The Devil Went Down To Georgia: Explained

Today is a special edition of the series Pop Songs: Explained. Now given that I’m currently visiting Georgia I figure I should do something different to commemorate the occasion. What better way to do that than by explaining the song “The Devil Went Down to Georgia”, I mean the state is in the song title!

I’d hardly call this the best devil battle ever, my personal favorite is Tenacious D, but let’s focus on the song at hand. Now I have several problems with this song. First and foremost, who the hell bets their soul against a gold fiddle. I know it looks cool and all, but seriously, gold is not an optimal material for acoustics. You’ll find that wood is superior to gold in terms of general sound quality, unless of course you’re talking about speakers, in which case I would argue that gold is a far superior material for your sound system than wood, seeing as how wood is a terrible conductor. Now I don’t care how much you want that fiddle, don’t waste your soul trying to get it, souls are a highly valued commodity, don’t go for the first cool thing you see. Shop around, you could at least get some sweet headphones if you really tried.
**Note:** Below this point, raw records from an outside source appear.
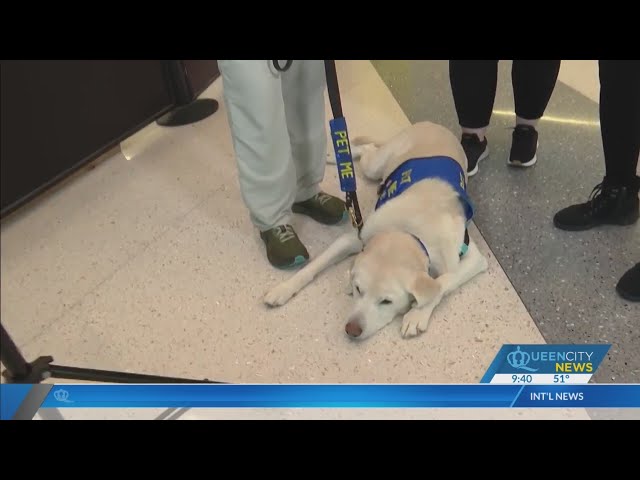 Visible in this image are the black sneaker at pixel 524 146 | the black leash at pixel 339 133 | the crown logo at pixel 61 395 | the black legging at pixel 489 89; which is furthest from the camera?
the black sneaker at pixel 524 146

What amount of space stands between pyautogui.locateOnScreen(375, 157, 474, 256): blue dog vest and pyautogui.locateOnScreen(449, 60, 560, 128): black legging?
0.62 feet

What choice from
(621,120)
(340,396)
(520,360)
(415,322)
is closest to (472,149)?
(621,120)

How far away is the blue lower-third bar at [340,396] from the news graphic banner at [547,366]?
10 millimetres

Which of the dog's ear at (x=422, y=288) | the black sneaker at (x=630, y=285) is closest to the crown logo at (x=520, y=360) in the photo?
the dog's ear at (x=422, y=288)

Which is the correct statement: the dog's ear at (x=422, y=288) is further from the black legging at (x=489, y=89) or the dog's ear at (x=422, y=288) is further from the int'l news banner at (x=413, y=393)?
the black legging at (x=489, y=89)

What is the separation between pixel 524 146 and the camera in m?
1.31

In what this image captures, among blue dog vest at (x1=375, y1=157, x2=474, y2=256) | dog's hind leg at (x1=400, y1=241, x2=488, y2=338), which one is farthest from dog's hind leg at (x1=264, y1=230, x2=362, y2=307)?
dog's hind leg at (x1=400, y1=241, x2=488, y2=338)

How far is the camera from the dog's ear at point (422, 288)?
0.90 meters

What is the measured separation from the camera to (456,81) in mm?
1200

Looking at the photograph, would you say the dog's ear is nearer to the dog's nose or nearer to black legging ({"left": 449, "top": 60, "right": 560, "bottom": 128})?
the dog's nose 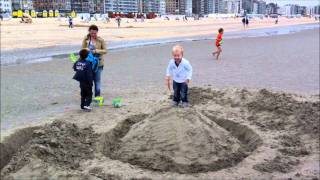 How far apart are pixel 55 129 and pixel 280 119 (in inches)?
149

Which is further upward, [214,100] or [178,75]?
[178,75]

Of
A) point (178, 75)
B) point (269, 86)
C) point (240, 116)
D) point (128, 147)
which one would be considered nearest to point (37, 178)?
point (128, 147)

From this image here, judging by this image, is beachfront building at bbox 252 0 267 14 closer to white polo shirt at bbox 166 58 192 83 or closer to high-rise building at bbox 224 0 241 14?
high-rise building at bbox 224 0 241 14

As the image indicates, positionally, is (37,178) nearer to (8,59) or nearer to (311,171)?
(311,171)

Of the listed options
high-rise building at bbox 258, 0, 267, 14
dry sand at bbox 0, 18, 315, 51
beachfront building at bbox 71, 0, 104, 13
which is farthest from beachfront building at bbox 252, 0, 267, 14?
beachfront building at bbox 71, 0, 104, 13

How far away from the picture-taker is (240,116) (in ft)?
25.4

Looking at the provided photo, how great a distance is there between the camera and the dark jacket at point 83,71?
313 inches

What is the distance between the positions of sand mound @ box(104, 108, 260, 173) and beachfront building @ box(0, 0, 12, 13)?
→ 57.7 meters

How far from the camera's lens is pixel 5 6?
208ft

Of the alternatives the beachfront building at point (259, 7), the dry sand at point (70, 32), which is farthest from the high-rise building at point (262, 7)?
the dry sand at point (70, 32)

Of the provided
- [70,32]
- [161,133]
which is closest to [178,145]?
[161,133]

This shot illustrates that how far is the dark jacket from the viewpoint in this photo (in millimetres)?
7957

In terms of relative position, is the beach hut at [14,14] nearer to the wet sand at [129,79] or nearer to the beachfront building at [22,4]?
the beachfront building at [22,4]

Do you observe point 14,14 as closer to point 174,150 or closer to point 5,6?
point 5,6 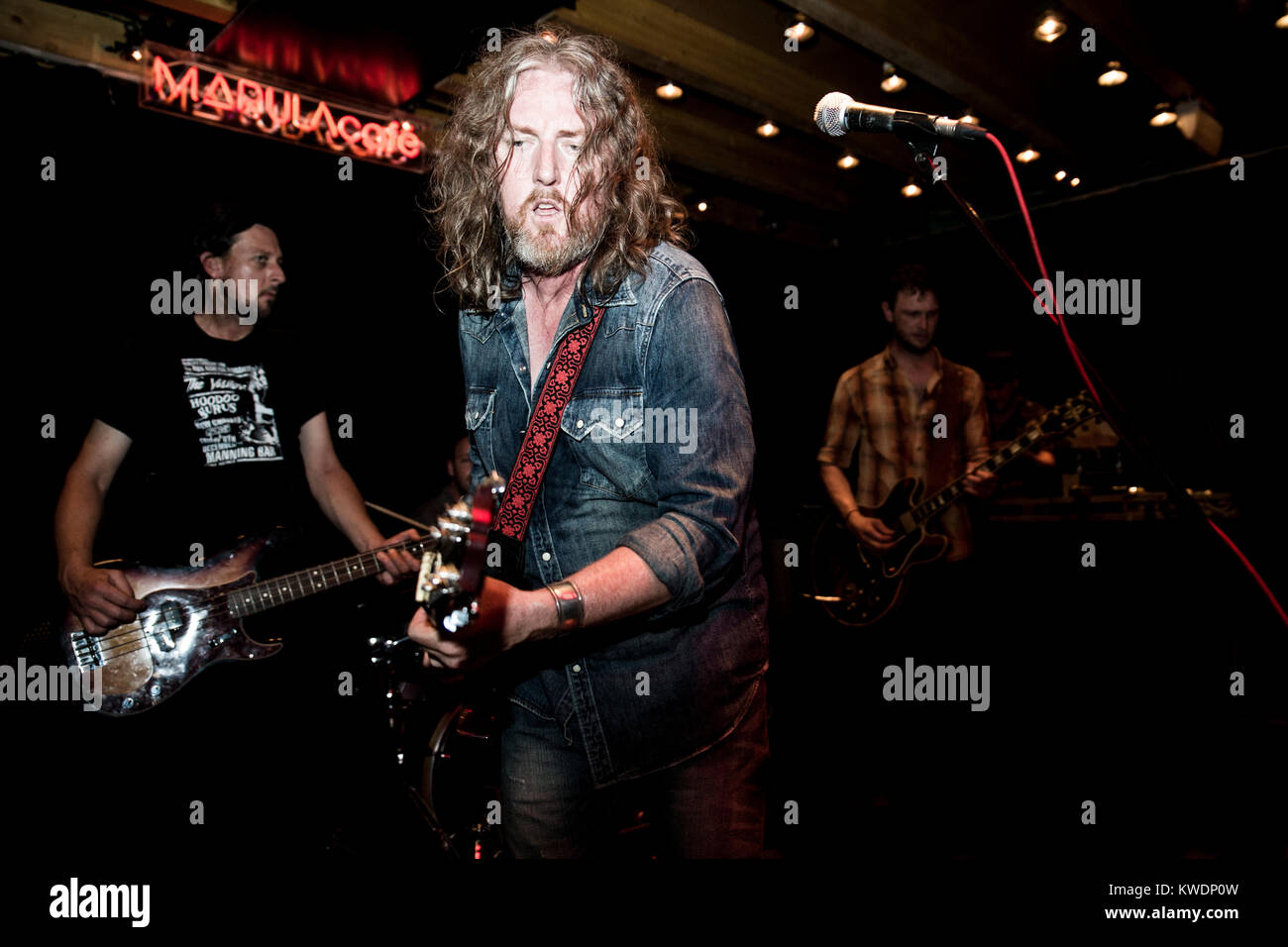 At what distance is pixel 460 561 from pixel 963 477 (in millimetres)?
4317

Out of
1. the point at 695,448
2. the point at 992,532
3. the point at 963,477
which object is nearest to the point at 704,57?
the point at 963,477

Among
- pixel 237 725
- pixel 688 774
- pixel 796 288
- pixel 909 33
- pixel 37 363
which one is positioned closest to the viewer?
pixel 688 774

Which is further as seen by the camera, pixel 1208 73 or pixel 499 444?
pixel 1208 73

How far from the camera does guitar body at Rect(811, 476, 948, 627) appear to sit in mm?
4875

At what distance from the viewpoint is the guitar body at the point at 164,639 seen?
9.93 ft

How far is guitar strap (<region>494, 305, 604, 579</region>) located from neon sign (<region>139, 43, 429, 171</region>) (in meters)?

In terms of meaning this song is pretty self-explanatory. Some idiot named Johnny agrees to a bet with the devil, in the worst business deal ever struck. After a few bars, what do you know, Johnny won, who would’ve guessed. I think that is a travesty. First off that Johnny kid is clearly over-powered. Charlie Daniels hardly did a good job of making it a fair fight, which is just boring. There’s no challenge, no intrigue, no sabotage, no mid-movie slump. Secondly, why doesn’t the devil win? He always loses, plus how is Johnny going to learn not to bet his soul if he is always winning? Now he’s just going to be some arrogant asshole who’s always going around showing off, thinking he’s untouchable, because he beat the devil, like that’s something to be proud of. Thanks Charlie Daniels!
Well the secret story for this one is tricky to see, but once you get it, it’s clear as day. Now you know that devil guy I was talking about? You were probably thinking of that horned guy who runs around stealing souls and wrecking havoc. No, the term devil is used more accurately to describe evil or bad deeds. In this instance the devil represents Jonny’s terrible gambling problem. You see Johnny is addicted to gambling, and every so often he must fight off the urge to gamble. At this point all Johnny has left is his crappy fiddle. Now if Johnny loses, and succumbs to his gambling addiction he will lose what little he has left. Instead he fights for what he has left: the fiddle. To Johnny, the fiddle is made of gold because it is more valuable than anything in the world, because it has kept him alive. In reality the fiddle represents Johnny’s will and determination. You see Johnny takes the devil’s bet because he has to, he is forced to, he must constantly fight his addiction to stay alive.